Their structure extends beyond standard CSMs to include CS Engineers and Architects, fulfilling specific functions based on customer scale and complexity.

 

Ideas and Inspiration: CS can play a critical role in both retaining existing customers and enabling new sales by ensuring successful onboarding, migrations, and technical support. 

Structuring teams to support these dual goals optimizes both revenue and customer outcomes.

Deepak from Atlan shared the “pod” model—a team with diverse skills serving a single account—to balance technical expertise with consultative support. 

3. Customer Value Focus: Focus on Metrics that Prove Real Value

Traditional metrics often fall short of capturing the holistic impact of Customer Success. Metrics like Net Revenue Retention (NRR) may dominate conversations, but they aren’t the only story. 

For instance, the Bloomreach team started tracking referral-generated pipelines and found their win rate on referrals to be 75%! This was a sign that KPIs for CS must extend beyond customer revenue metrics. 
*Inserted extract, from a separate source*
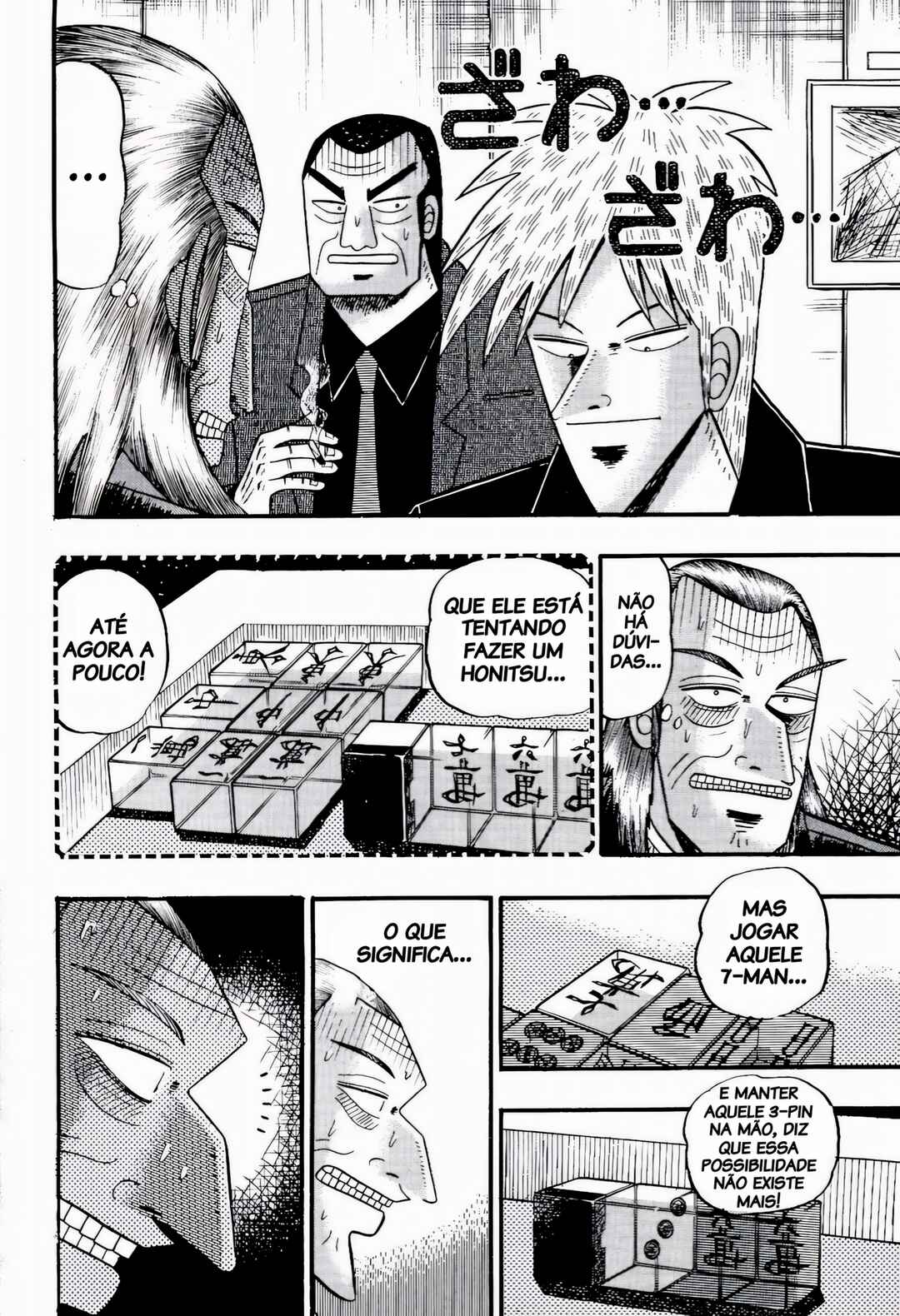 Akagi: Yami ni Oritatta Tensai Chapter 80 - Page 3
It’s why understanding customer satisfaction (CSAT) across different personas is crucial—knowing what keeps practitioners engaged may differ from what converts executives. 

Match your metrics to your company’s maturity, your customers’ needs, and market conditions.

Ideas & Inspiration: Christy shared Bloomreach’s emphasis on "earned growth" as a metric that tracks tangible outcomes like churn reductions, upsell opportunities, and customer referrals. 

This metric put a tangible value on long-term customer loyalty and advocacy—something the C-suite couldn’t ignore.

This focus on ‘earned growth’ made it imperative to focus on CSAT and 

  • Measure the happiness of different personas and 
  • Measure access to decision-makers (power users) to move beyond retention and usage into growth opportunities.

The book Winning on Purpose explores the evolving focus on customer success and retention. The book underscores the concept of NPS 3.0, which combines multiple commercial metrics to measure customer experience more holistically.

4. Compensation Structures: Focus on Behavioral Incentives Over Rigid Structures

Misaligned incentives can – and will – sabotage CS efforts. Prioritize the behavior you want to promote rather than solely focusing on compensation percentages. Your compensation plans should promote desired behaviors, from generating leads to enhancing customer satisfaction.

Align CS incentives with Sales for cohesive goals, balancing retention, growth, and acquisition.

The key is to add incentives like SPIFFs to drive specific initiatives, such as referrals or customer satisfaction improvements.

Ideas & Inspiration: At Bloomreach, compensation is 50-50 between base salary and bonus, with additional incentives. When they noticed gaps, such as the desire for more referral incentives, they used SPIFFs (short-term sales incentives) to reinforce specific behaviors, focusing on change management rather than creating competition between team members.

GitLab approaches compensation with a 70-30 or 80-20 split, emphasizing retention and aligning CS compensation with sales objectives. Compensation plans iteratively evolve, using retention as a core component while factoring in variables like gross renewals.

Atlan customizes its CS metrics based on retention and expansion, with most team members operating under a 70-30 or 80-20 incentive split. Their approach also accounts for unique situations, such as inheriting high-risk accounts, to ensure fairness across the CS team.